• [EXERCISE REQUIREMENTS]
Your output must be the lines below from the line containing "Dar Boston 3" to the line containing "Jean décontracté en", both lines included, reproduced exactly and without pictures.

*** THE DATA ***

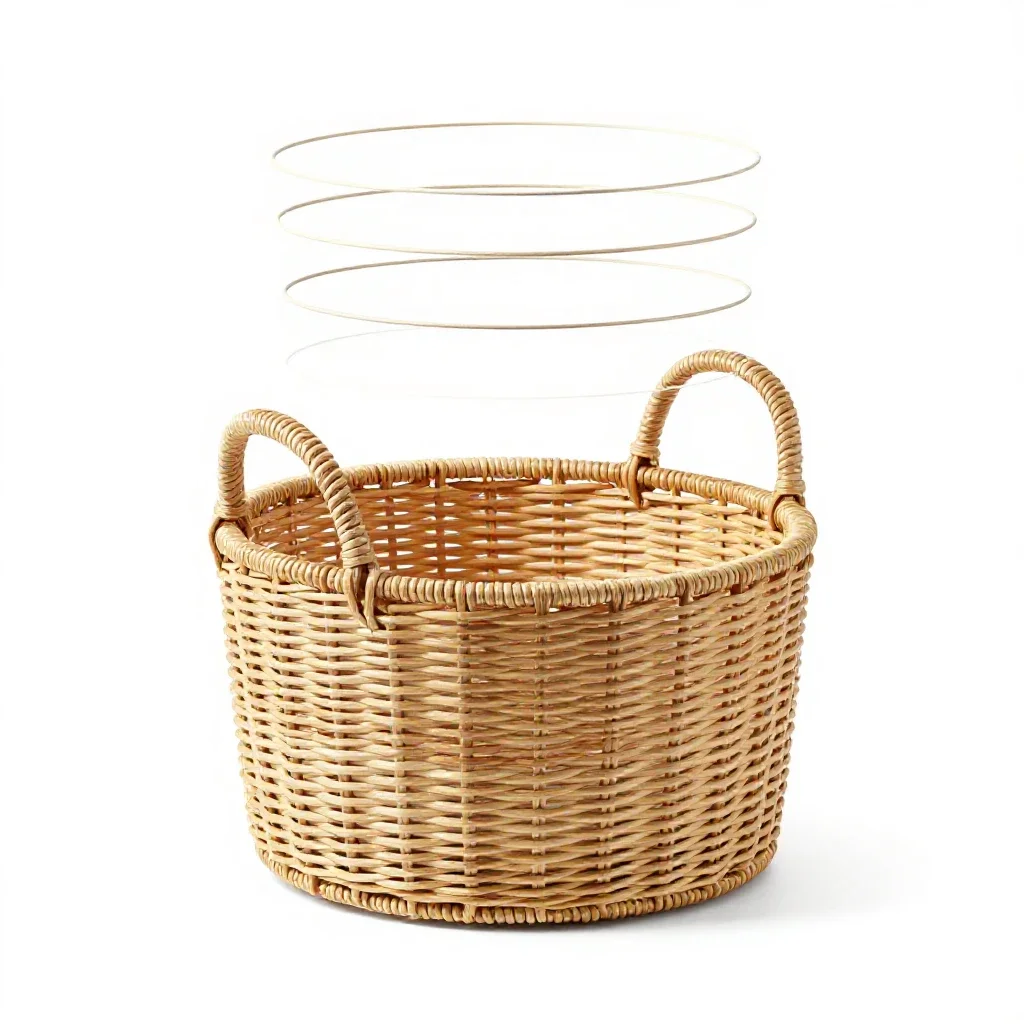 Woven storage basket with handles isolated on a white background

*** End of THE DATA ***
*** THE DATA ***

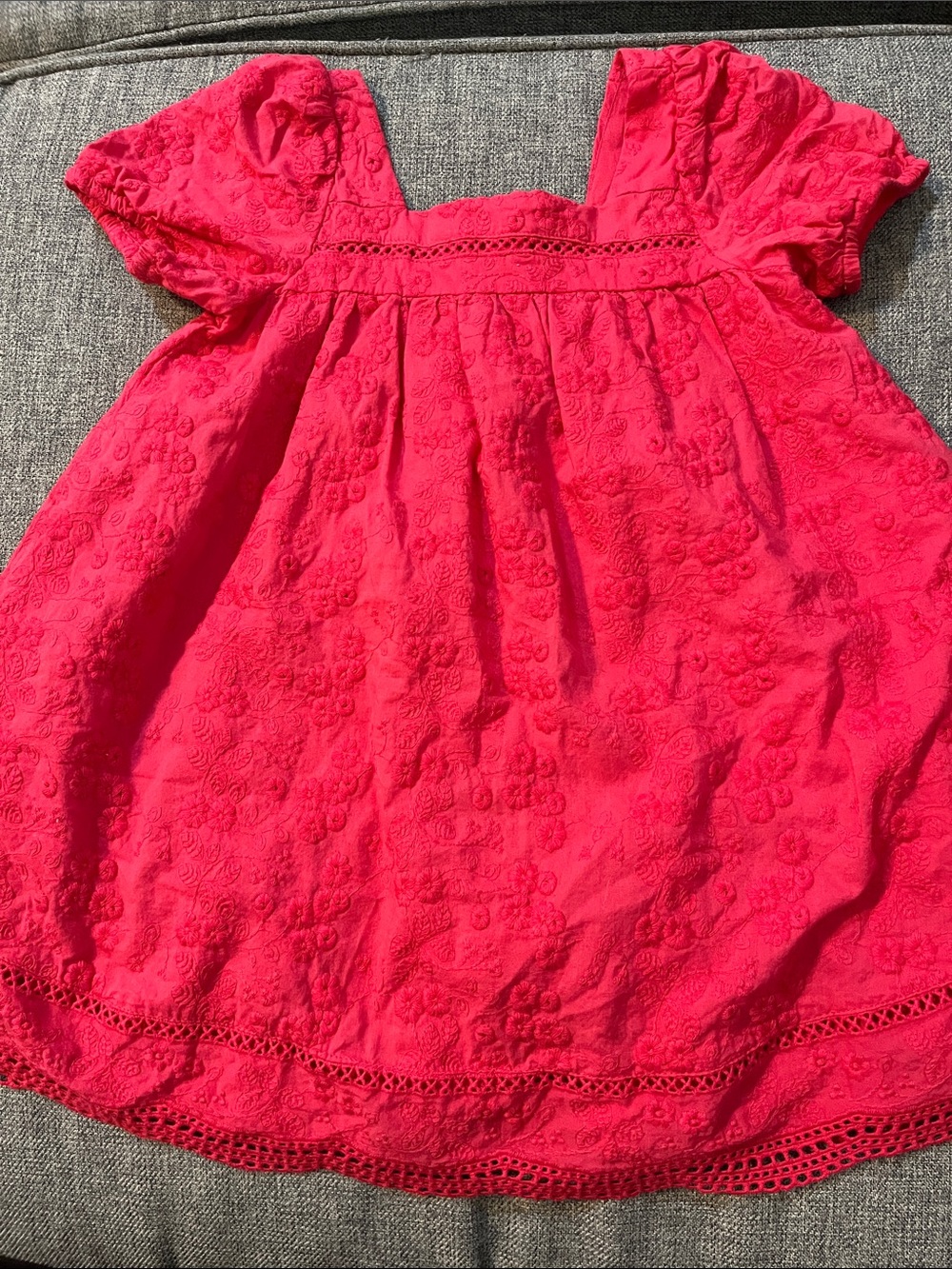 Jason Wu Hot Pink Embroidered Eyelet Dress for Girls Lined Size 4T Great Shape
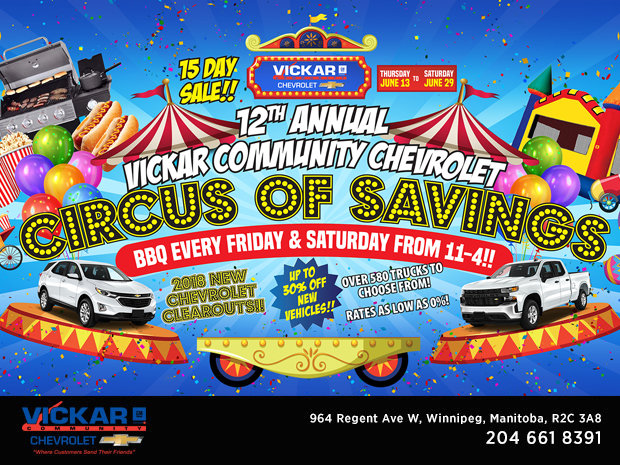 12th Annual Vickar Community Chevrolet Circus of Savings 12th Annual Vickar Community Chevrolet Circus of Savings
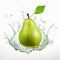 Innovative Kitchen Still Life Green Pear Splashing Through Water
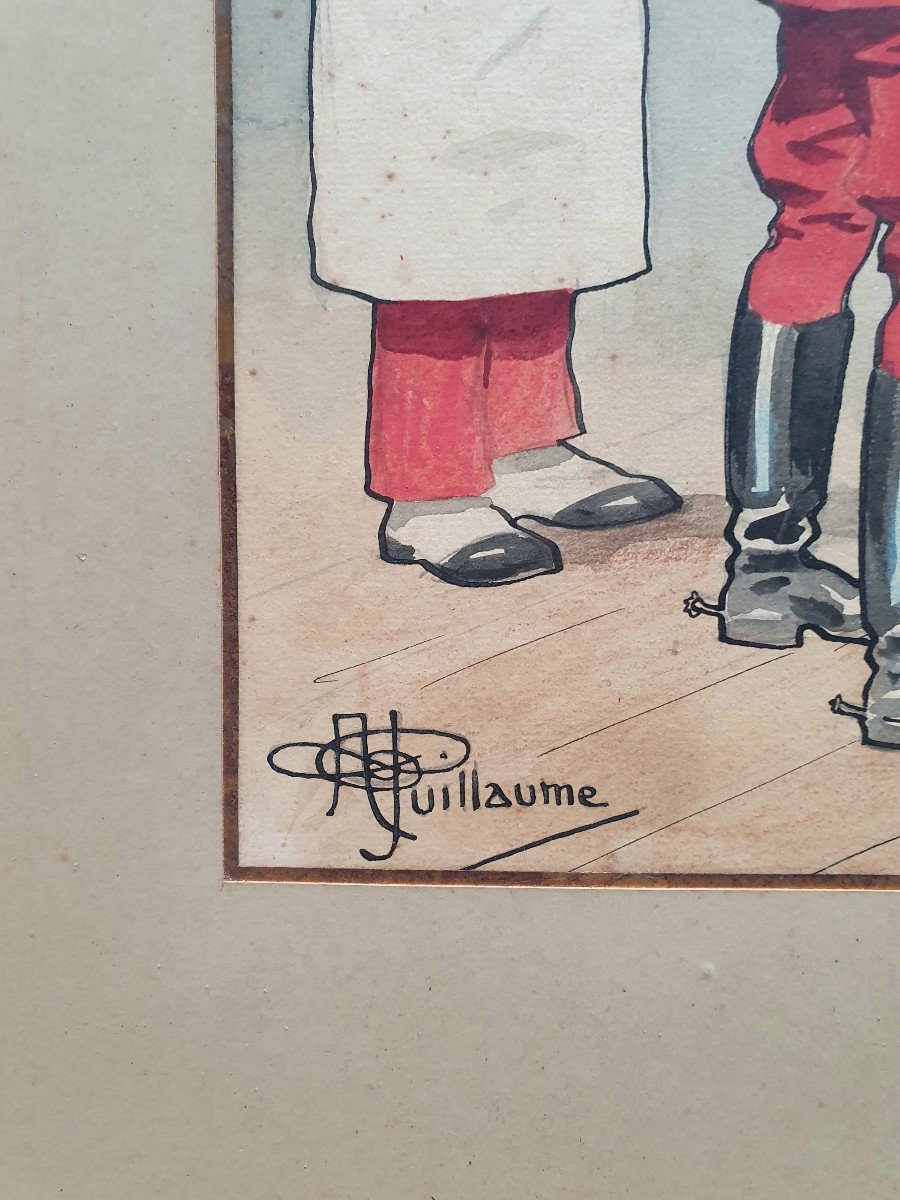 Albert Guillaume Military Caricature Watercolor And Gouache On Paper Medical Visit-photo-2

*** End of THE DATA ***
*** THE DATA ***

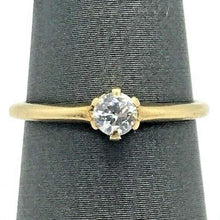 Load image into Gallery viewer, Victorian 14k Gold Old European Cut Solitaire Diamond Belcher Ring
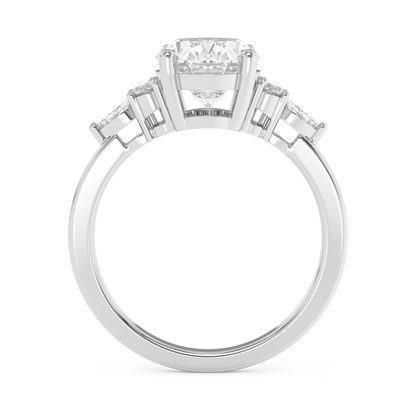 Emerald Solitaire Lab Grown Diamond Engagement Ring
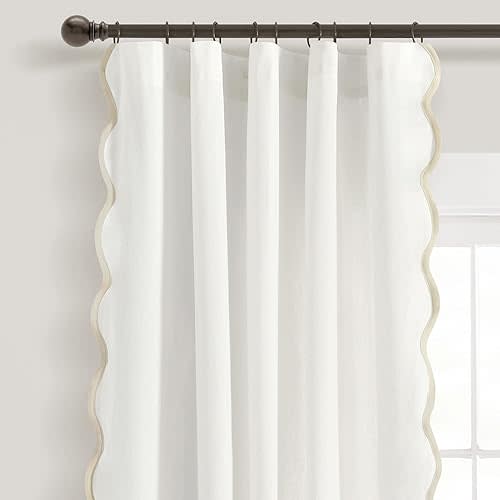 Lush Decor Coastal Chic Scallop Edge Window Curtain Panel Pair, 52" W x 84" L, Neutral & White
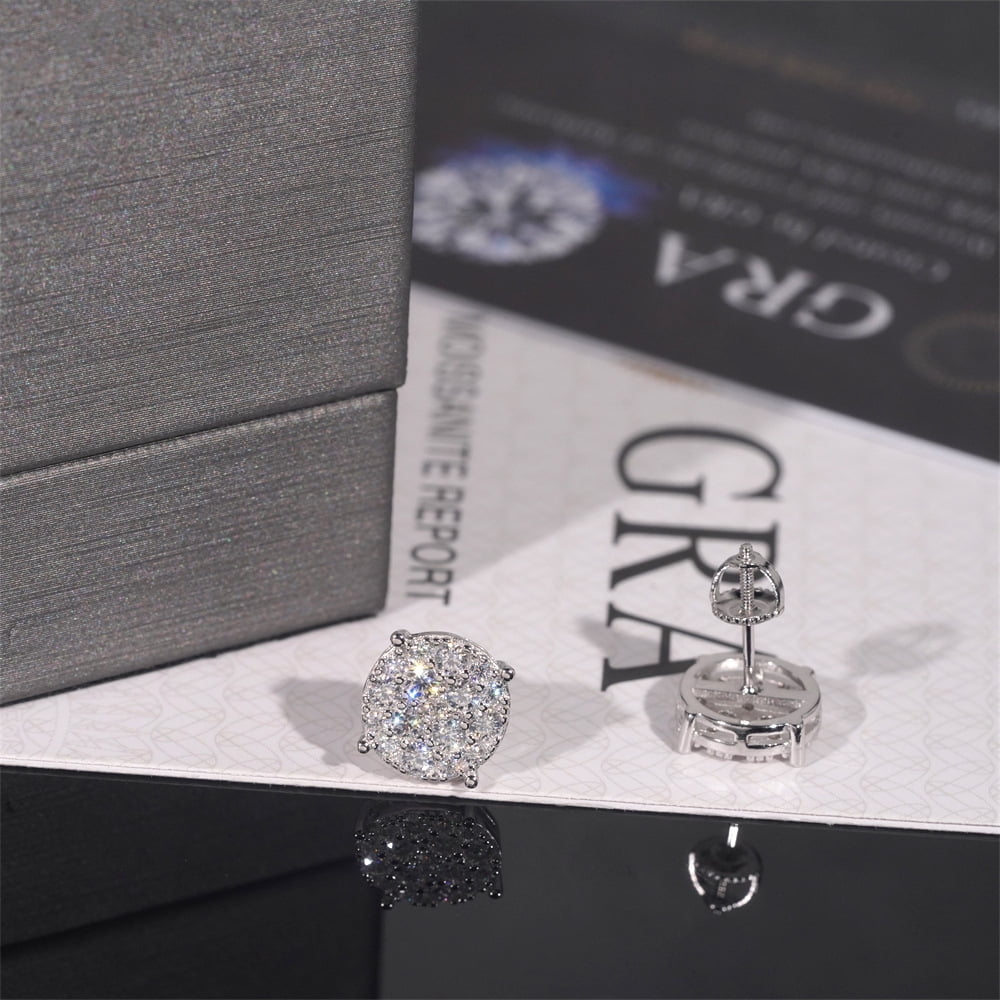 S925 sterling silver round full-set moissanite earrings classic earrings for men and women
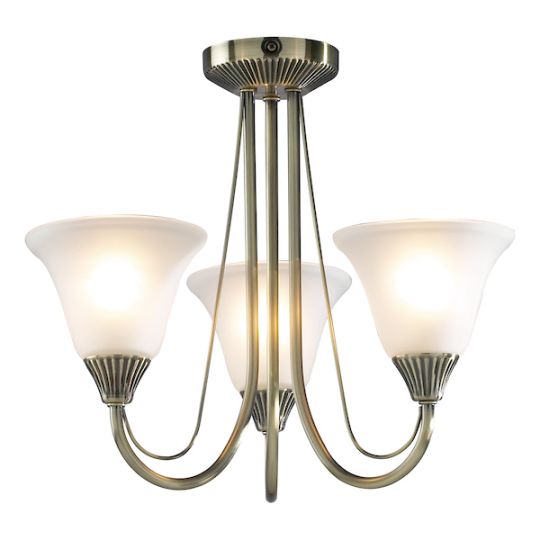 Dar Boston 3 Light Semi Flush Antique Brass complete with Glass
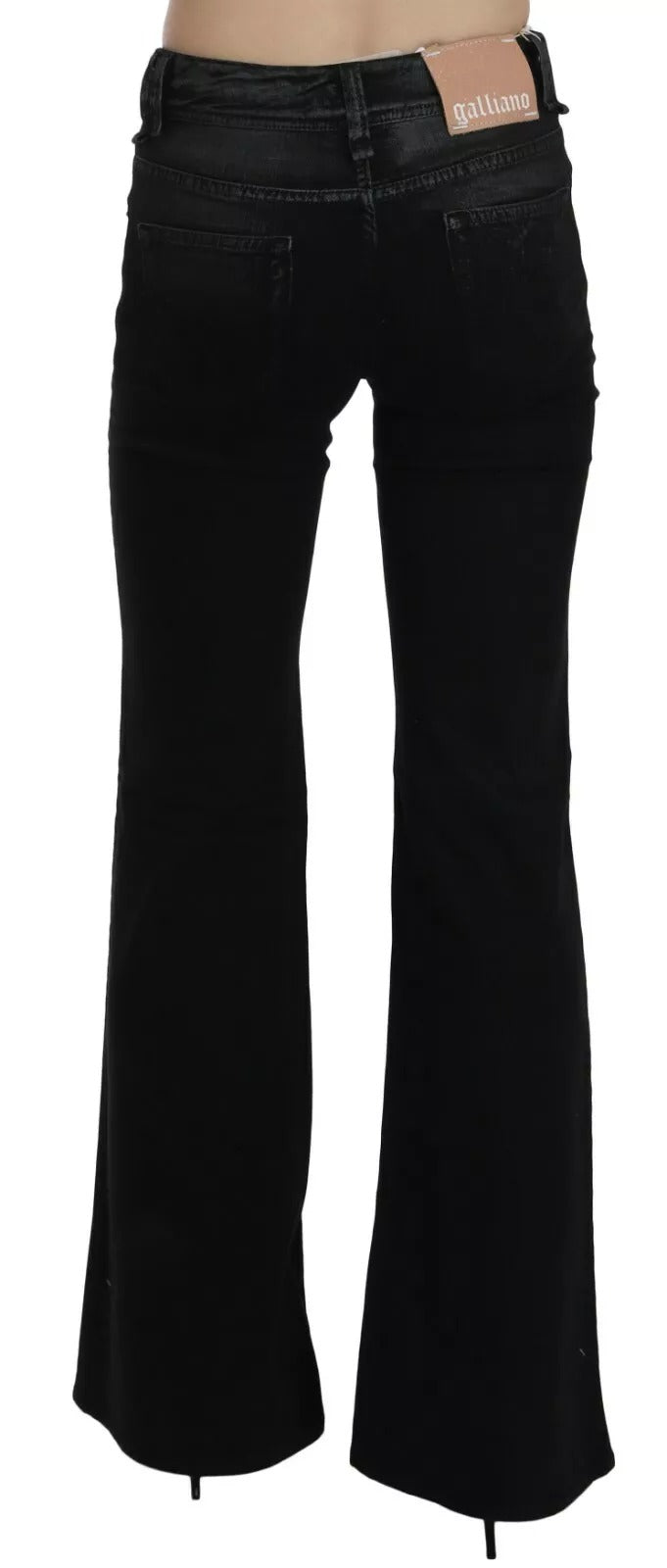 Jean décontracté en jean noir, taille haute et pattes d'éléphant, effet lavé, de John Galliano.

*** End of THE DATA ***

• [SOLUTION TO THIS PROBLEM]
 Dar Boston 3 Light Semi Flush Antique Brass complete with Glass
 Jean décontracté en jean noir, taille haute et pattes d'éléphant, effet lavé, de John Galliano.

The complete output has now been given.